THE discovery of six slaughtered elephants last month in two of Thailand's national parks has exposed a nasty secret.

The discovery has exposed a nasty secret about the country's ubiquitous elephant tourism industry.

Dutch national Edwin Wiek, founder of the Wildlife Friends Foundation Thailand, jumped on the wild elephants' gruesome demise in Kaeng Krachan and Kiu Buri parks to draw attention to a lucrative trade in baby elephants that has been carried out with the apparent compliance of government officials.

In an article in The Nation newspaper on January 24, Wiek said the six elephants had been killed to get their babies, not for elephant meat and ivory as claimed by government officials.

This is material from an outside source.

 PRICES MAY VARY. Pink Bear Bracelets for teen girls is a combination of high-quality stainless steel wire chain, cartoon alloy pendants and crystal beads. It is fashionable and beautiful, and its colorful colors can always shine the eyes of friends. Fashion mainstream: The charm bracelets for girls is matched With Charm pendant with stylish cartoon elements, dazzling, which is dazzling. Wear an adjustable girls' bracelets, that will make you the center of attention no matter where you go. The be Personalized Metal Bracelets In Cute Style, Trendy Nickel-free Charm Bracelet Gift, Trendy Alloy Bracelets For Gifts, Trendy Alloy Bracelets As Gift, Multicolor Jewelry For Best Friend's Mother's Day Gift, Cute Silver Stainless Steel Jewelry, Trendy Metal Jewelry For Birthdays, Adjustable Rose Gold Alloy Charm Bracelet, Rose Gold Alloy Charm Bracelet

He argued that the incident demonstrated that the trade in baby pachyderms was no longer just a cross-border business with Burma, but that poachers were now targeting Thailand's own depleted herd of fewer than 2000 wild elephant.

Based on his own investigations, Wiek estimated that two to three baby elephants were poached from the wild a week.

A baby elephant can fetch up to 1 million baht ($A30,500) at camps in Ayutthaya, Chiang Mai, Hua Hin, Pattaya and Phuket, where they are trained to perform tricks and provide rides for tourists.

Foreign tourists might think twice about supporting the elephant business with their money if they were aware that many of animals had been poached from the wild and their parents slaughtered, Wiek said.

After the article was published, Wiek's animal sanctuary in Phetchaburi province was raided on February 13 by 70 armed officials from the National Parks, Wildlife and Plant Conservation Department.

The officials demanded to see ownership documents for some 400 animals kept at the wildlife rescue charity, established in 2001.

Although Wiek had proper ownership documents for his six pachyderms, national park officials claimed that 103 smaller mammals lacked proper documentation and vowed to confiscate them.

The animal sanctuary was still under armed guard this week.

Wiek has claimed that the raid was revenge for his exposure of the authorities' complacency, if not complicity, in a booming business in baby elephant trafficking.

Thai authorities claim otherwise.

"The discovery of the six dead elephants had nothing to do with the raid on Wiek's place," said Damrong Phidej, director-general of the National Parks, Wildlife and Plant Conservation Department.

"There are so many of these charities and none of them have proper paperwork for the animals, so we are trying to straighten it out a bit," Damrong said.